Task brief:
Return all of the data exactly, with nothing left out but the pictures.

(Short text fragments from websites)
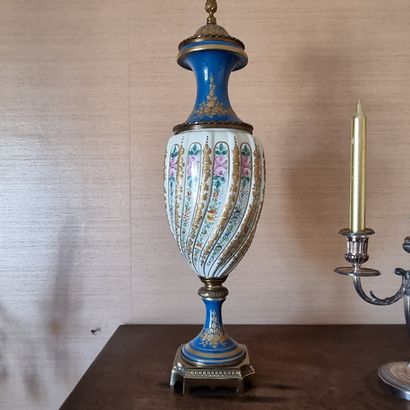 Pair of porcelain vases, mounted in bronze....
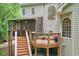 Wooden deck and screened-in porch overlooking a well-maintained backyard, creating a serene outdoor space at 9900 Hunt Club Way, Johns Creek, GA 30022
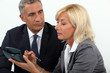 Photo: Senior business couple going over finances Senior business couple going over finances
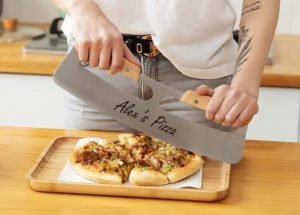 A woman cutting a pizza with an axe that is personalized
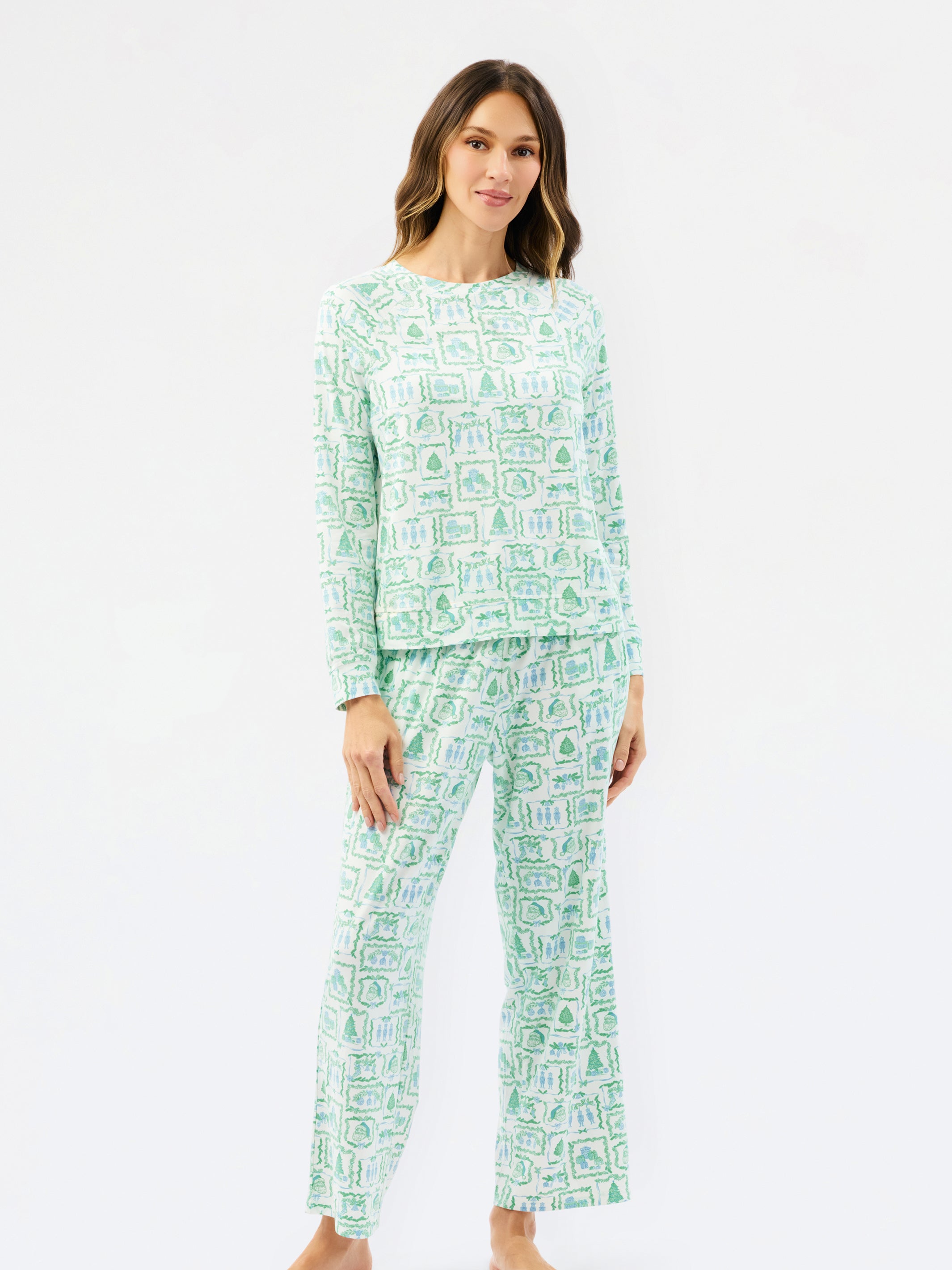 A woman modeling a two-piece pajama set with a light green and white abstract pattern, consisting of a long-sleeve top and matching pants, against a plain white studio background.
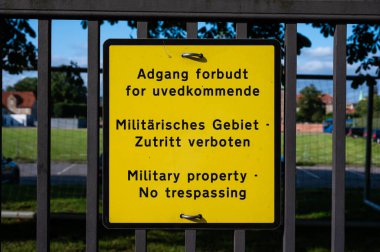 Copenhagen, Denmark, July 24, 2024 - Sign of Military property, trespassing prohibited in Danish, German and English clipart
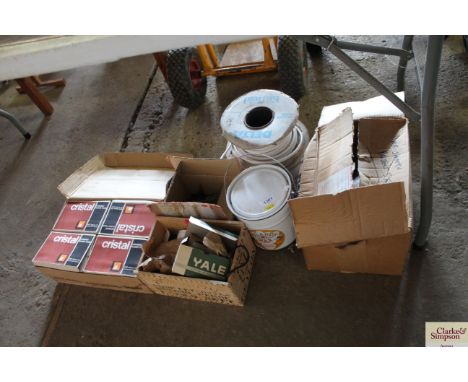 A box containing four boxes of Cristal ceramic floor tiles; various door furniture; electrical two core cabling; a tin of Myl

Answer for this exercise:
 Pair of porcelain vases, mounted in bronze....
 Wooden deck and screened-in porch overlooking a well-maintained backyard, creating a serene outdoor space at 9900 Hunt Club Way, Johns Creek, GA 30022
 Photo: Senior business couple going over finances Senior business couple going over finances
 A woman cutting a pizza with an axe that is personalized
 A woman modeling a two-piece pajama set with a light green and white abstract pattern, consisting of a long-sleeve top and matching pants, against a plain white studio background.
 Copenhagen, Denmark, July 24, 2024 - Sign of Military property, trespassing prohibited in Danish, German and English clipart
 A box containing four boxes of Cristal ceramic floor tiles; various door furniture; electrical two core cabling; a tin of Myl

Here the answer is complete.